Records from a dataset
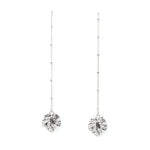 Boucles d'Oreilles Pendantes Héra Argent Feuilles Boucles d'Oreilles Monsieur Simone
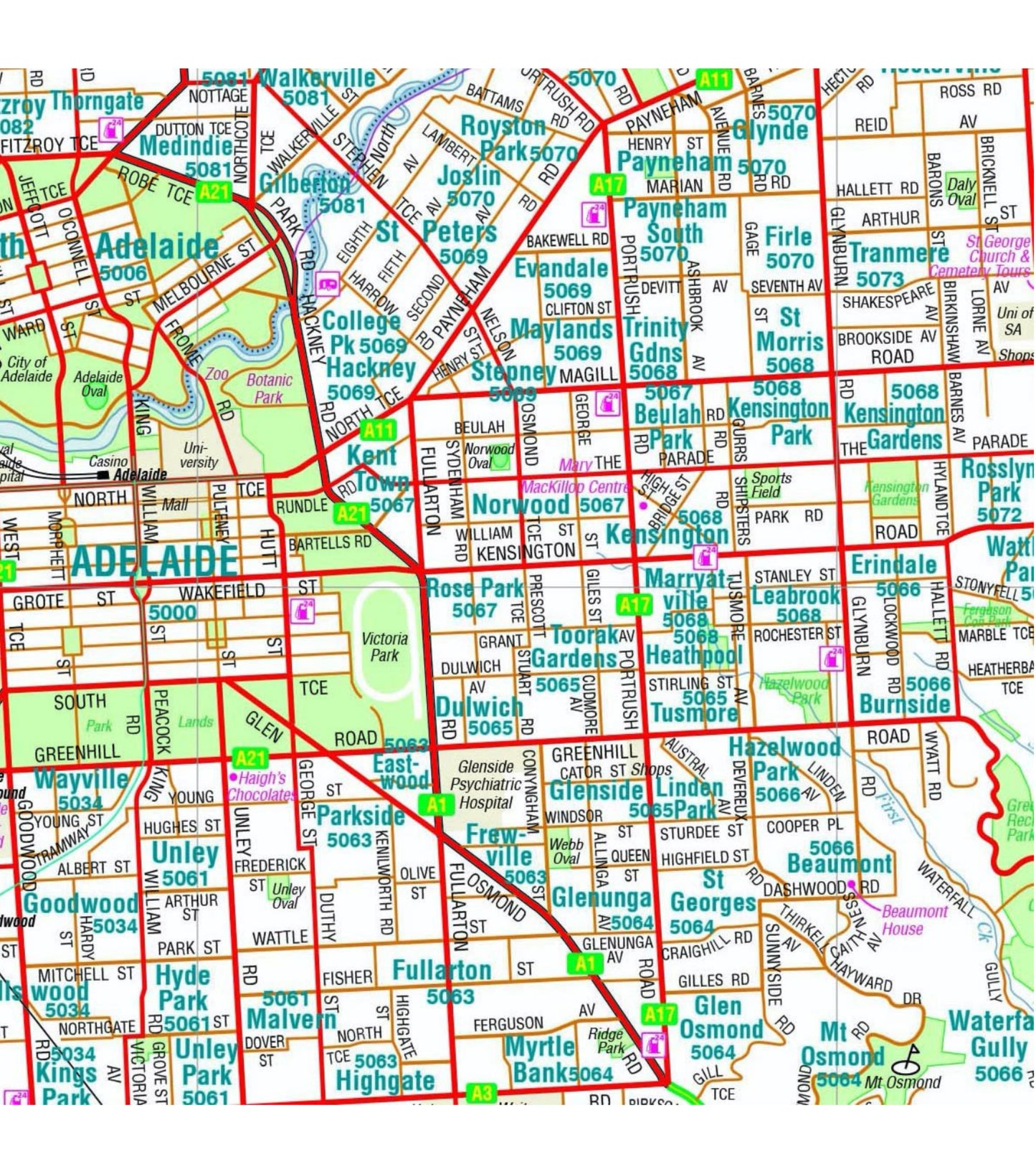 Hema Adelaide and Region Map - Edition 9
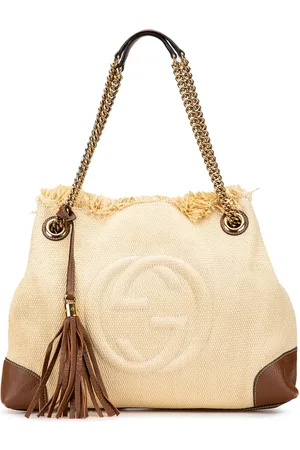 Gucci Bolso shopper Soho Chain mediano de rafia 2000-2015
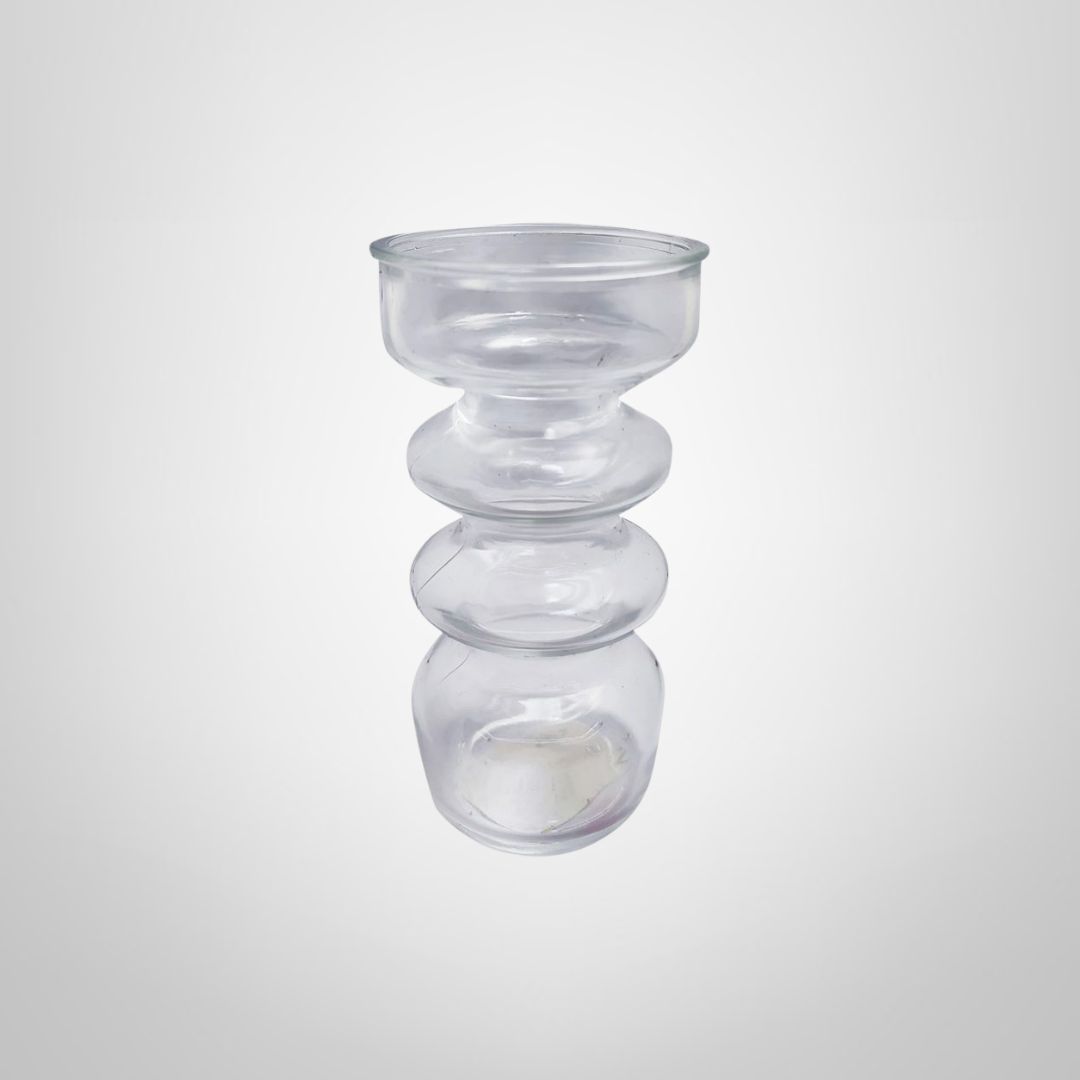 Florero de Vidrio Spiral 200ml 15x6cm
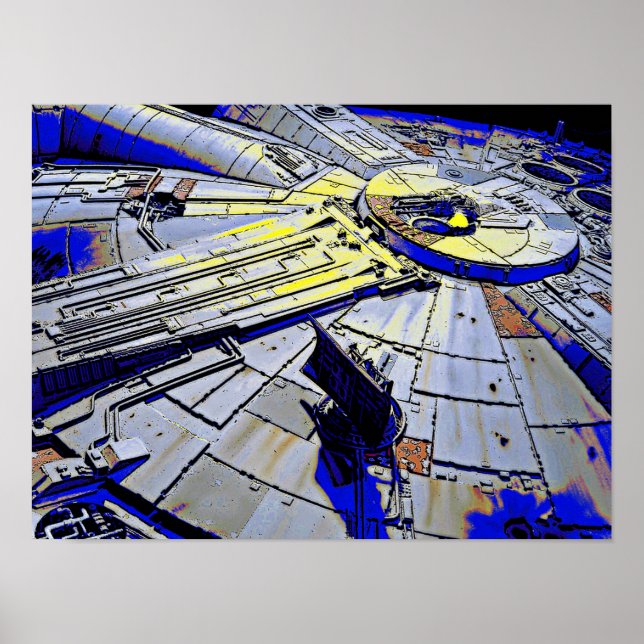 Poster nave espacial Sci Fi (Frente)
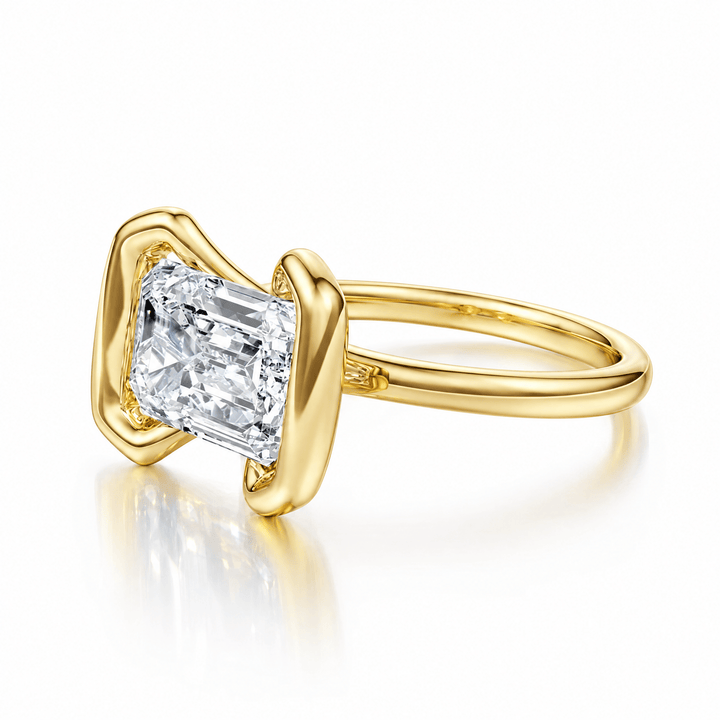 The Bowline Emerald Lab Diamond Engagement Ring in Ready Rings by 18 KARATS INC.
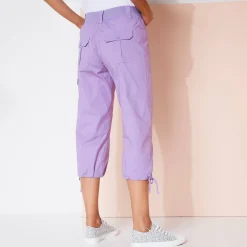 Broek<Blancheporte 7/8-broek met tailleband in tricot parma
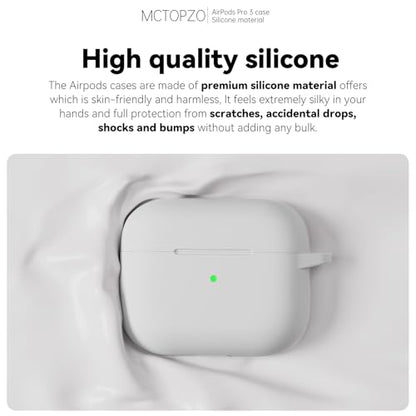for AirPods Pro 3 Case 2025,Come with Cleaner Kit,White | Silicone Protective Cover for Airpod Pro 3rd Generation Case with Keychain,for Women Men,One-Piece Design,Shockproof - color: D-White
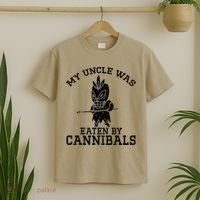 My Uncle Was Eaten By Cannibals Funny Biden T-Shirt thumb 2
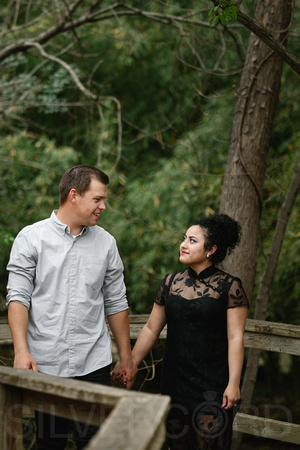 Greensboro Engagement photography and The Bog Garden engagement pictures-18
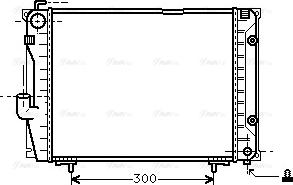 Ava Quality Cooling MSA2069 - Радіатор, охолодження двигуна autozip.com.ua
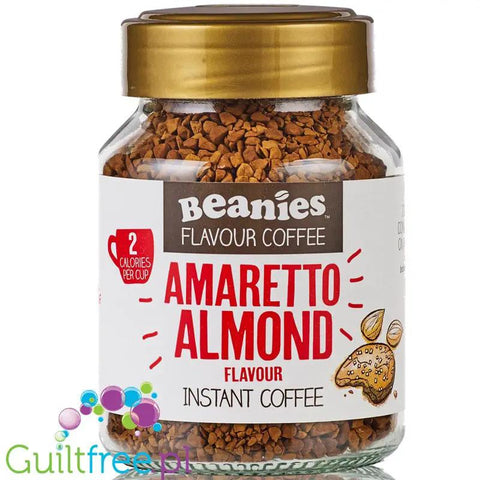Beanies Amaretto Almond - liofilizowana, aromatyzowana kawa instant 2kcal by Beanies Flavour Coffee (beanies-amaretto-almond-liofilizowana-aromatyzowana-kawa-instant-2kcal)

*What you need to do:* Drop the images; copy every entry above exactly.

*Reply:*
 Boucles d'Oreilles Pendantes Héra Argent Feuilles Boucles d'Oreilles Monsieur Simone
 Hema Adelaide and Region Map - Edition 9
 Gucci Bolso shopper Soho Chain mediano de rafia 2000-2015
 Florero de Vidrio Spiral 200ml 15x6cm
 Poster nave espacial Sci Fi (Frente)
 The Bowline Emerald Lab Diamond Engagement Ring in Ready Rings by 18 KARATS INC.
 Broek<Blancheporte 7/8-broek met tailleband in tricot parma
for AirPods Pro 3 Case 2025,Come with Cleaner Kit,White | Silicone Protective Cover for Airpod Pro 3rd Generation Case with Keychain,for Women Men,One-Piece Design,Shockproof - color: D-White
 My Uncle Was Eaten By Cannibals Funny Biden T-Shirt thumb 2
 Greensboro Engagement photography and The Bog Garden engagement pictures-18
 Ava Quality Cooling MSA2069 - Радіатор, охолодження двигуна autozip.com.ua
Beanies Amaretto Almond - liofilizowana, aromatyzowana kawa instant 2kcal by Beanies Flavour Coffee (beanies-amaretto-almond-liofilizowana-aromatyzowana-kawa-instant-2kcal)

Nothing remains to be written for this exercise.